**GIVEN DATA**
**********
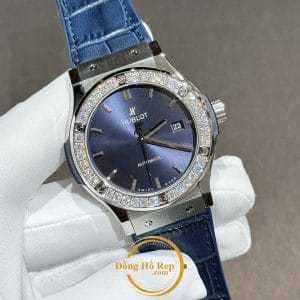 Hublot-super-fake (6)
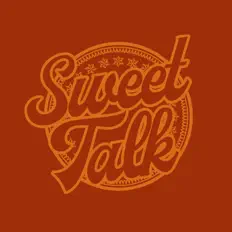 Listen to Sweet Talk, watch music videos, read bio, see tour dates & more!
**********
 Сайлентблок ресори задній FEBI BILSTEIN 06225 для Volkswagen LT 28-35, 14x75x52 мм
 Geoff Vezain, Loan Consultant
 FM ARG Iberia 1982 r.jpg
**********
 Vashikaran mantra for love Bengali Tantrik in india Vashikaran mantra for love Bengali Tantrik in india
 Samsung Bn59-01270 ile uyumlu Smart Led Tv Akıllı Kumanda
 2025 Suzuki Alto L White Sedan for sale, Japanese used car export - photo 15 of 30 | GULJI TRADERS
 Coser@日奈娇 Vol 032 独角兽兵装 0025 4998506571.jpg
**********
**TASK OBJECTIVE**
Taking the material above, extract exactly and only the lines from the line with "Geoff Vezain, Loan Consultant" to the line with "FM ARG Iberia 1982 r.jpg", inclusive of both.

**SOLVED PROBLEM**
 Geoff Vezain, Loan Consultant
 FM ARG Iberia 1982 r.jpg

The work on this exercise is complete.